Ya va para veinte años que Ray Heredia dejó plantada la semilla de lo que se denominó nuevo flamenco. Lo hizo con la rebeldía sonora del que sabe que va a perdurar para los restos. El resultado fue un disco significativo, Quien no corre, vuela, un trabajo que mantiene el íntimo equilibrio entre la canción romántica mediterránea, con su pellizco latino, y el espíritu gitano del Rastro de Madrid con su cosa flamenca. Pero lejos de las etiquetas, Quien no corre, vuela es el disco de un músico que no creía en las fronteras y que se burlaba de los inspectores de aduanas cada vez que pretendían catalogar el contenido de su equipaje.

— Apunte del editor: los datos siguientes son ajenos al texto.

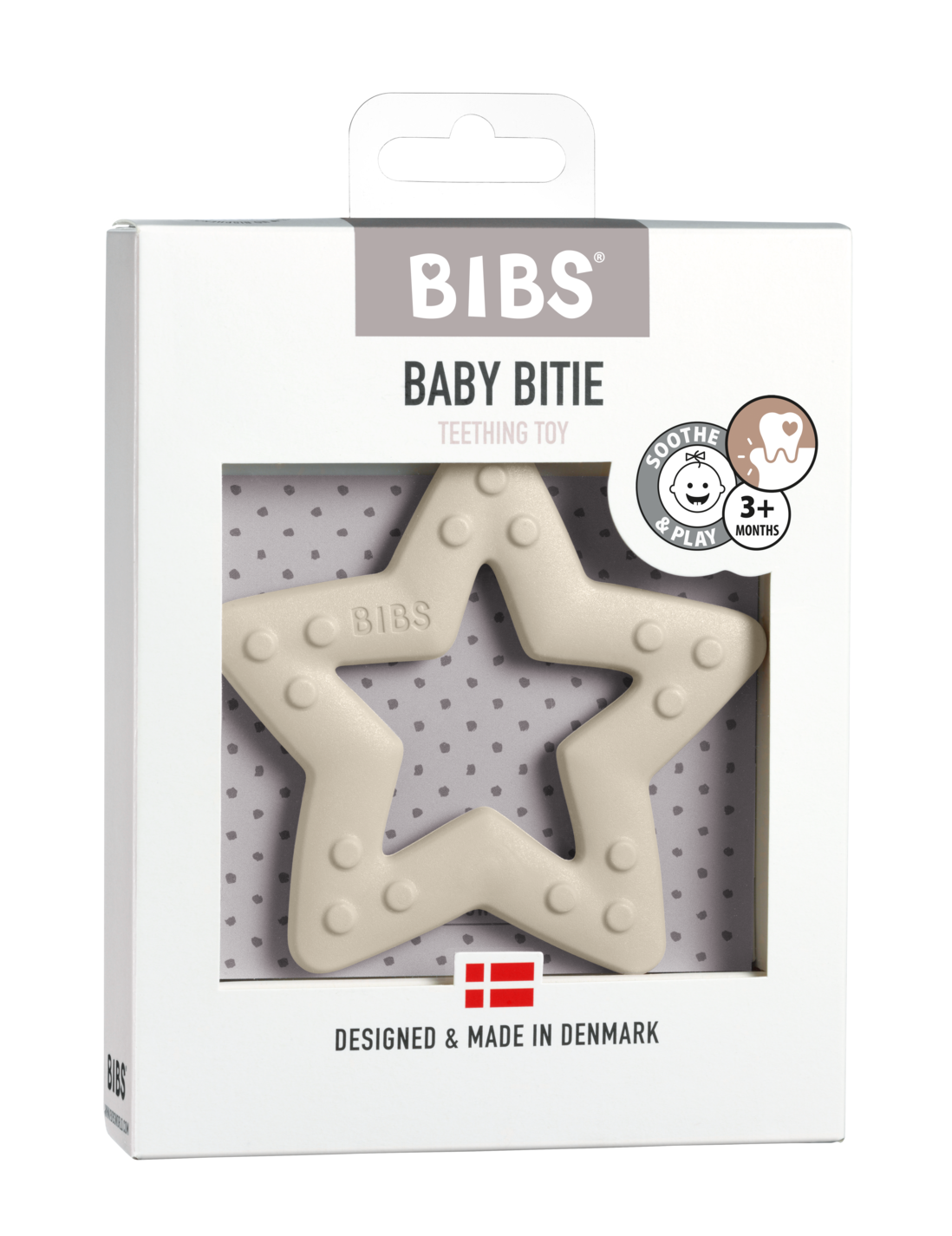 Csillag alakú BIBS rágóka - krémfehér - Pippadu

Aunque los almanaques hayan pasado y ahora se cumplan veinte años de su publicación, Quien no corre, vuela sigue deslumbrando como un tesoro recién descubierto, como si el humo de los tiempos no hubiese conseguido emborronar ninguno de sus resplandores. Fue el disco de un artista de raza, de un chaval que saltó a las calles cuando en Madrid empezaban a florecer las primeras crestas de la movida. En aquel ambiente nunca se conformó con ser un secundario y pelearía con su sombra por estar siempre a la vanguardia. Sin ir más lejos, llegó a actuar en el Rockola con el grupo Sonakay, brillando en caló ante un público rematado con tachuelas y que bailaba a empujones, como si no supiese bailar. Eran los tiempos del bote de Colón y, por entonces, Ray Heredia ya se movía a contraviento. En uno de aquellos remolinos forma el grupo Ketama, junto a José Soto y Juan Carmona. Lo que viene después ya es historia.
Porque desde aquella actuación en el Rockola hasta la última, ocurrida en una sala del barrio de Argüelles, en Madrid, Ray Heredia fue abriendo ventanas al flamenco, aireándolo, encontrando la manera de no dejarlo "góticamente" atascado, como él decía. Sin duda alguna, era el más adelantado de todos, el que siempre lograba ver más allá que cualquier otro. La prueba es su disco en solitario, abundante en matices y simetrías, y donde Ray Heredia canta y toca lo que le viene en gana, demostrando que un objeto no es cualquier cosa, sino algo que se conquista, como por ejemplo una lata de cerveza que, después de haber sido bebida, él va y utiliza como percusión para uno de los cortes.